[Collected data entries]
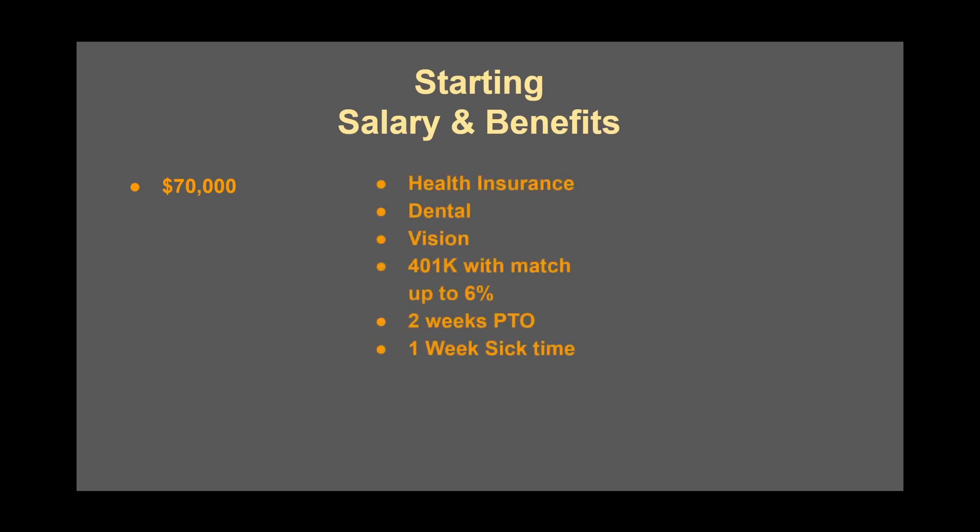Let's talk salary and benefits. My starting salary as an entry-level design engineer was $70k, and it only goes up from there through cost-of-living raises or promotions. Benefits include health insurance, dental, vision, 401k, two weeks of PTO, and one week of sick time — all starting on the first day of employment. The schedule was 7:30 to 5:30 Monday through Thursday, and Fridays 7:30 to 11:30am. I was impressed at first with that half-day Friday, though I think they should have given the whole day off since the company also encouraged breakfast with co-workers, which took about an hour.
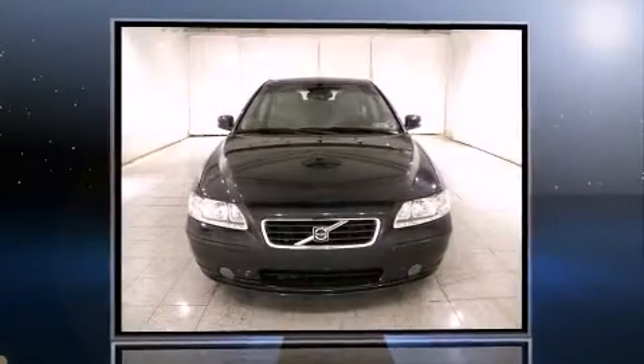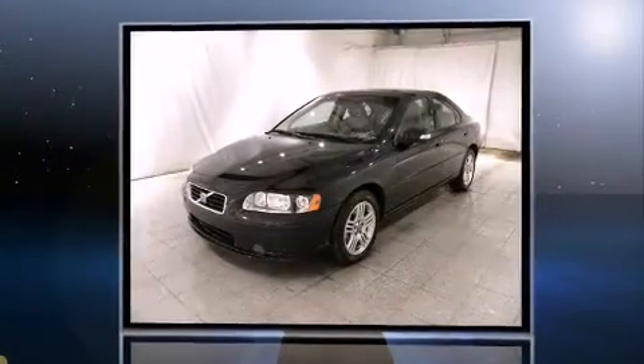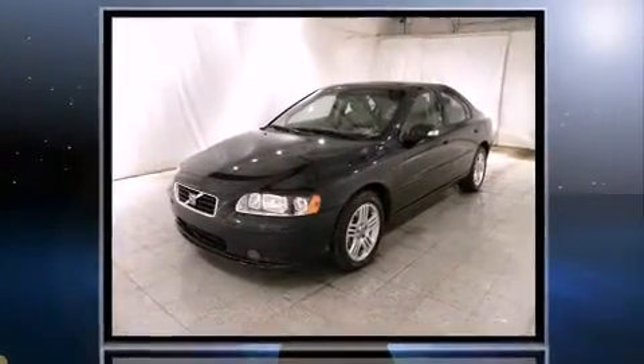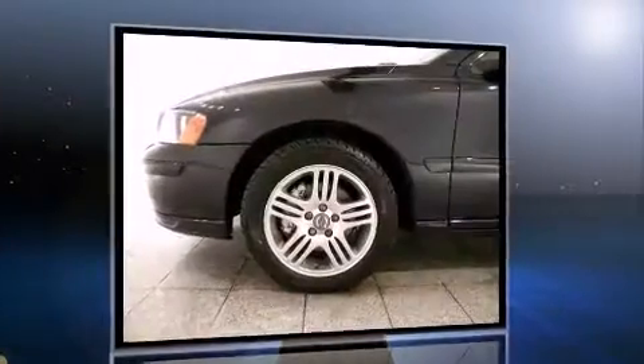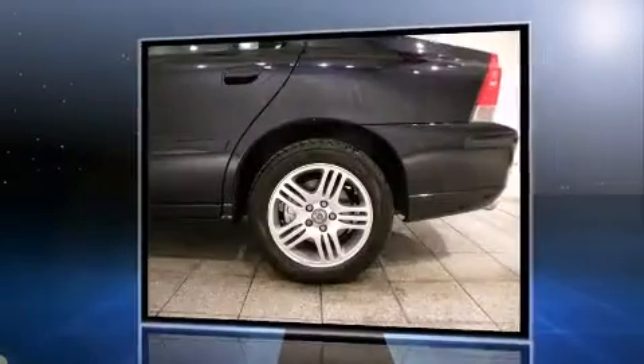The 2008 Volvo S60. This four-door, five-passenger sedan just recently passed the 50,000 mile mark. It features a front-wheel drive platform, an automatic transmission, and a 2.5-liter, five-cylinder engine.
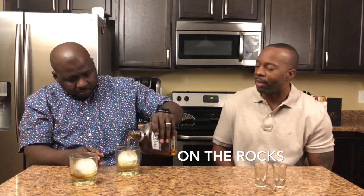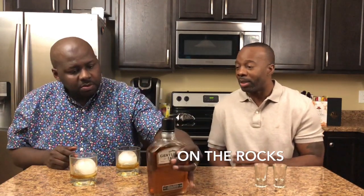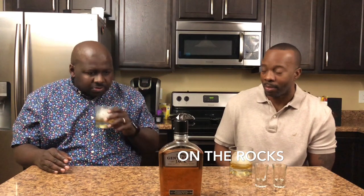So let's see if we put it on the rocks if it's going to calm it down a little bit and make it easier to drink, especially for somebody that's not a big whiskey drinker. I like some flavored whiskey, a couple little things in there, but just regular straight out of the bottle whiskey neat — not normally on my bar list, but I can get into it.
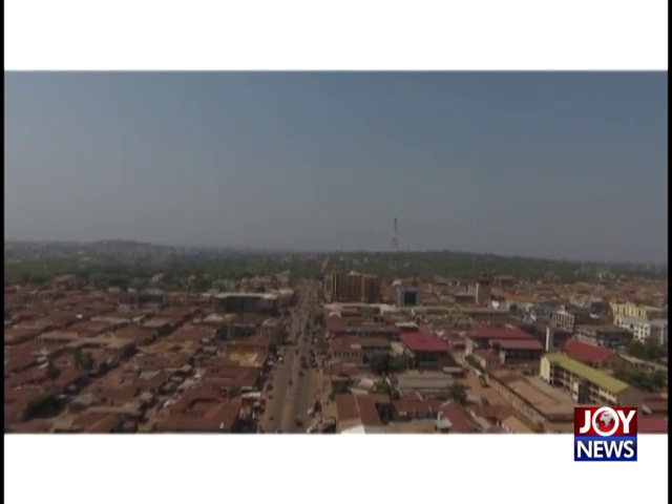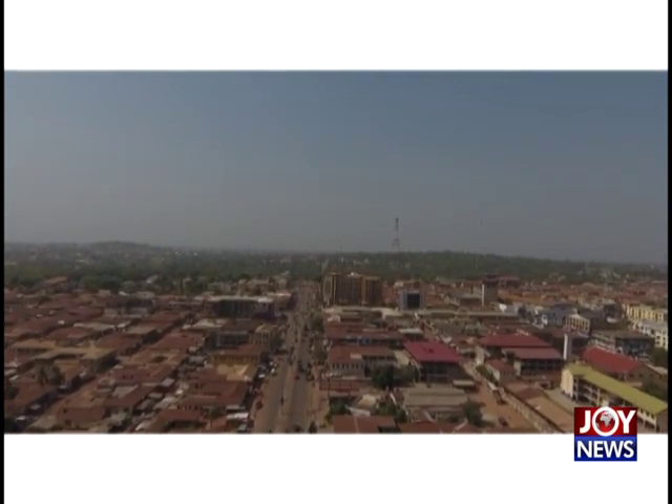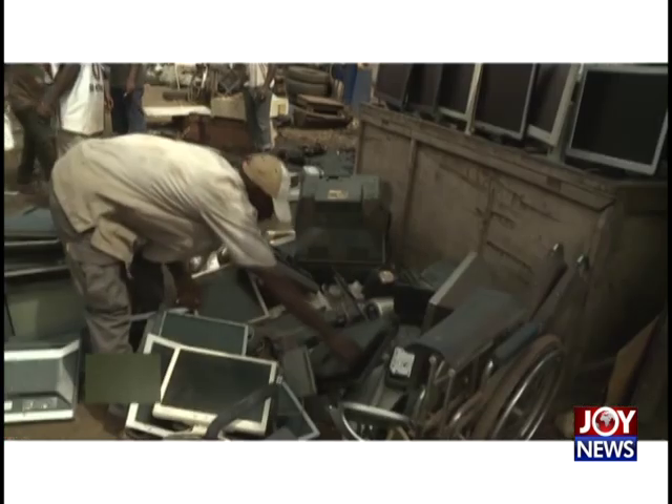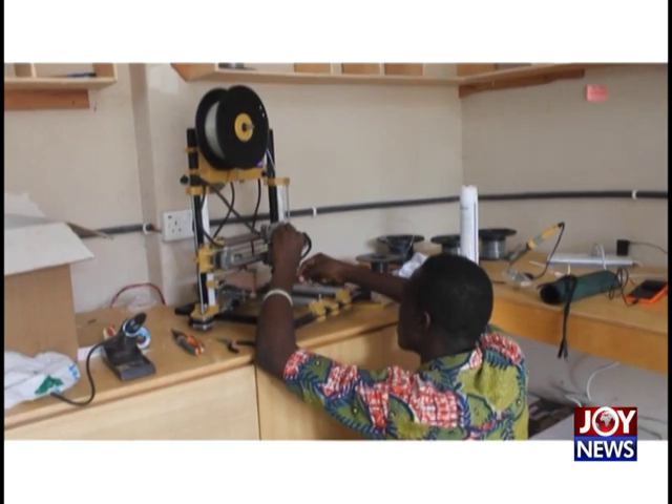Meanwhile, at Kantinko, not too far from the center of Kumasi in the Ashanti region, some start-uppers are turning electronic waste into something useful: 3D printers.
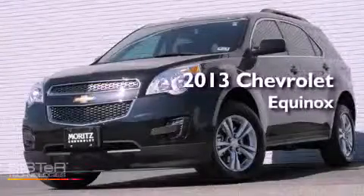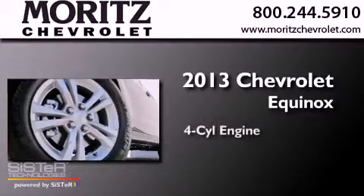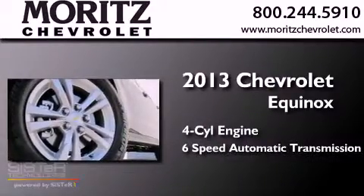This is a brand new 2013 Chevrolet Equinox. It has a four-cylinder engine and a six-speed automatic transmission.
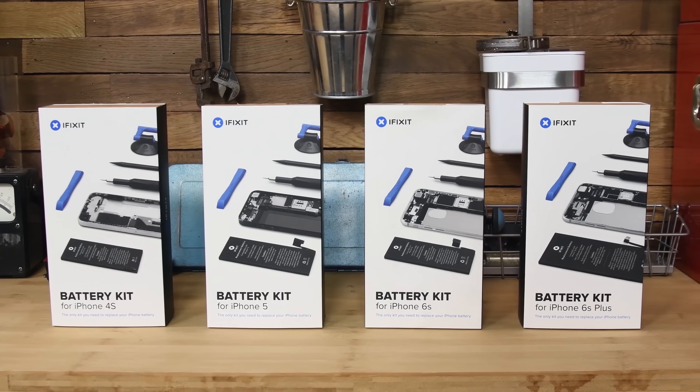So if you're experiencing any of these battery problems, head on over to ifixit.com and pick up an iPhone battery fix kit. It's a super easy repair that you can do yourself in under an hour. I'll see you next time.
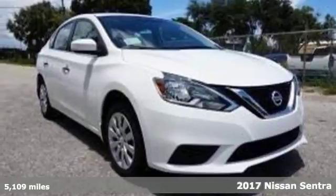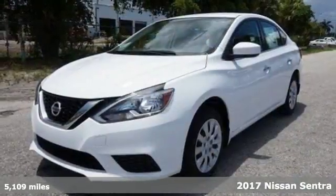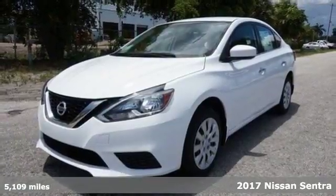Here's the 2017 Nissan Sentra — a playful sedan with stunning looks, value and quality that surrounds you.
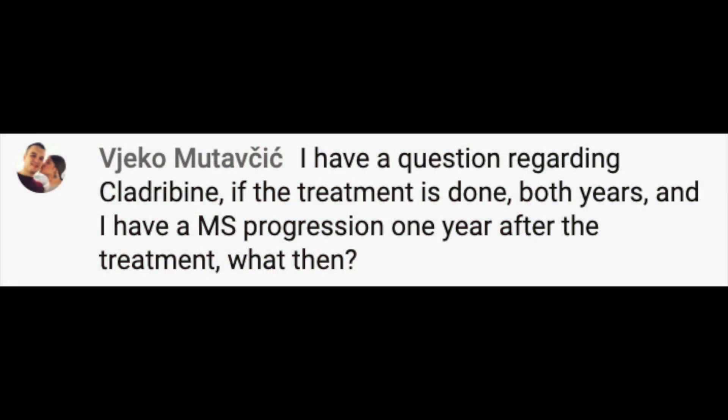Our first question comes from Vajanko, who writes: I have a question regarding cladribine. If the treatment is done both years and I have MS progression one year after treatment, then what? That's a big, important question, so let's unpack it. Most MS therapies are continuous — you constantly take them: a pill twice a day, a shot once a week, an infusion once a month. A couple of MS therapies, and Mavenclad is an example, are discontinuous. You don't continually take them.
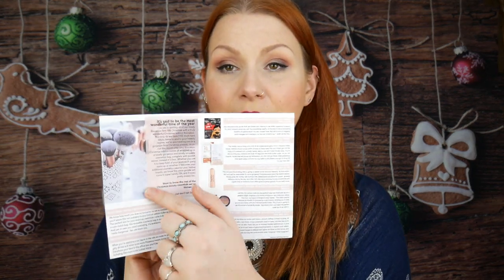I'll grab what looks like the leaflet and put the items down below. It always comes with a leaflet telling you all the information about the products inside — price, whether it's full size or sample size. The leaflet says: 'It's said to be the most wonderful time of the year, so we're spoiling all our lovely Rockabox fans this Christmas with a truly wonderful Christmas edition. You have five must-have luxury items to add to your beauty regime.'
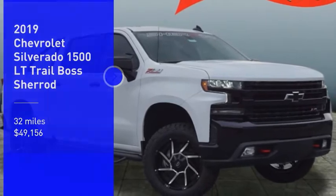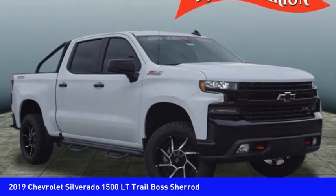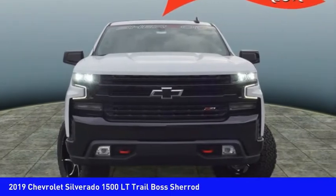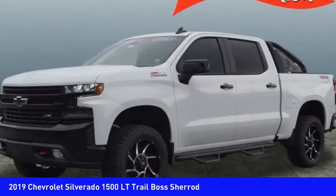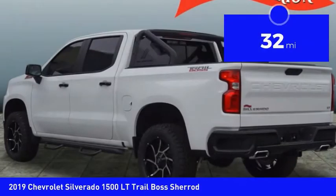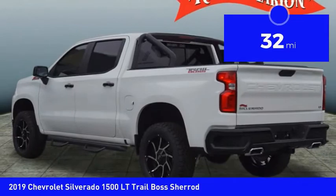You are going to love the 2019 Silverado 1500. The Chevy Silverado 1500 has the lowest cost of ownership of any full-size pickup and is priced below fifty thousand dollars. This vehicle has less than 100 miles.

= Activity =
The records above are to be transcribed exactly, with every picture left out.

= Answer below =
Let's talk salary and benefits. My starting salary as an entry-level design engineer was $70k, and it only goes up from there through cost-of-living raises or promotions. Benefits include health insurance, dental, vision, 401k, two weeks of PTO, and one week of sick time — all starting on the first day of employment. The schedule was 7:30 to 5:30 Monday through Thursday, and Fridays 7:30 to 11:30am. I was impressed at first with that half-day Friday, though I think they should have given the whole day off since the company also encouraged breakfast with co-workers, which took about an hour.
The 2008 Volvo S60. This four-door, five-passenger sedan just recently passed the 50,000 mile mark. It features a front-wheel drive platform, an automatic transmission, and a 2.5-liter, five-cylinder engine.
So let's see if we put it on the rocks if it's going to calm it down a little bit and make it easier to drink, especially for somebody that's not a big whiskey drinker. I like some flavored whiskey, a couple little things in there, but just regular straight out of the bottle whiskey neat — not normally on my bar list, but I can get into it.
Meanwhile, at Kantinko, not too far from the center of Kumasi in the Ashanti region, some start-uppers are turning electronic waste into something useful: 3D printers.
This is a brand new 2013 Chevrolet Equinox. It has a four-cylinder engine and a six-speed automatic transmission.
So if you're experiencing any of these battery problems, head on over to ifixit.com and pick up an iPhone battery fix kit. It's a super easy repair that you can do yourself in under an hour. I'll see you next time.
Here's the 2017 Nissan Sentra — a playful sedan with stunning looks, value and quality that surrounds you.
Our first question comes from Vajanko, who writes: I have a question regarding cladribine. If the treatment is done both years and I have MS progression one year after treatment, then what? That's a big, important question, so let's unpack it. Most MS therapies are continuous — you constantly take them: a pill twice a day, a shot once a week, an infusion once a month. A couple of MS therapies, and Mavenclad is an example, are discontinuous. You don't continually take them.
I'll grab what looks like the leaflet and put the items down below. It always comes with a leaflet telling you all the information about the products inside — price, whether it's full size or sample size. The leaflet says: 'It's said to be the most wonderful time of the year, so we're spoiling all our lovely Rockabox fans this Christmas with a truly wonderful Christmas edition. You have five must-have luxury items to add to your beauty regime.'
You are going to love the 2019 Silverado 1500. The Chevy Silverado 1500 has the lowest cost of ownership of any full-size pickup and is priced below fifty thousand dollars. This vehicle has less than 100 miles.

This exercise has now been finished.